Responsibilities
- Develop, maintain, and review Terraform modules to provision and manage cloud resources.
- Apply best practices for Terraform state management, module design, and testing.
- Leverage CDKTF (Terraform) or Terragrunt patterns where appropriate.
- Architect and operate services in Azure and AWS (compute, storage, networking, databases).
- Provision, configure, and manage Databricks workspaces, clusters and jobs to support data pipelines.
- Implement tagging, cost-optimisation, and security controls across both clouds and Databricks environments.
- Build, test, and maintain Azure DevOps Pipelines or GitHub Actions to automate infrastructure provisioning and application deployment.
- Manage source in Azure DevOps or GitHub repos, enforce branching strategies, pull-request workflows and policy-as-code checks.
- Partner with client and data engineering teams to integrate infrastructure changes safely into development workflows.
- Produce clear architecture diagrams, runbooks, and “how-to” guides for both technical and non-technical stakeholders.
- Write and maintain automation scripts and CLI tools in Python to streamline operational tasks.
- Contribute to internal SDKs or libraries for shared tooling and infrastructure utilities.
Requirements
- Experience: 3+ years in a DevOps or SRE role with production workloads in Azure and AWS.
- IaC Proficiency: Deep hands-on Terraform experience, including Terraform Cloud, Terragrunt, module design, and testing.
- CI/CD Expertise: Proven ability building and maintaining Azure DevOps Pipelines and managing code in either Azure DevOps or GitHub repos.
- Programming Skills: Strong Python scripting skills; able to write clean, testable, and reusable code.
- Data Platform Understanding: Familiarity with provisioning and managing Databricks workspaces, clusters, and jobs.
- Disaster Recovery: Experience designing DR plans, automated backups, and conducting restore drills.
- Cloud Services: Solid understanding of core Azure and AWS services (VMs, networking, storage, IAM, RDS/SQL).
- Problem-Solving: Excellent troubleshooting abilities and a calm, methodical approach to incident response.
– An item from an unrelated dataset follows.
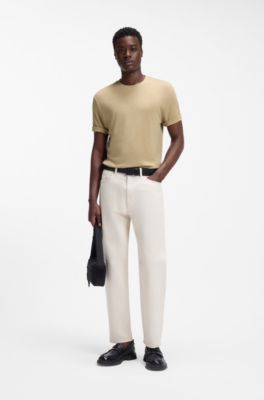 Slim-fit T-shirt in slub interlock, Beige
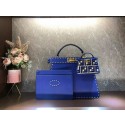 Luxury Fendi Peekaboo ISeeU MEDIUM leather bag F8637 blue Tl12634kp43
- Communication: Clear written and verbal communication; adept at documenting complex systems simply.
Nice to Have
- Advanced IaC Tools: Experience with CDK for Terraform (CDKTF) or Terragrunt for composing infrastructure patterns.
- Languages: PowerShell, Bicep, Python, Terraform
- Security & Compliance: Familiarity with cloud security best practices (CIS benchmarks, Azure Policy, AWS IAM policies).
- Networking: In-depth knowledge of VPCs, VNets, load balancers, VPNs and cross-region connectivity.
- Serverless & Containers: Experience with serverless platforms (Azure Functions, AWS Lambda) and container registries.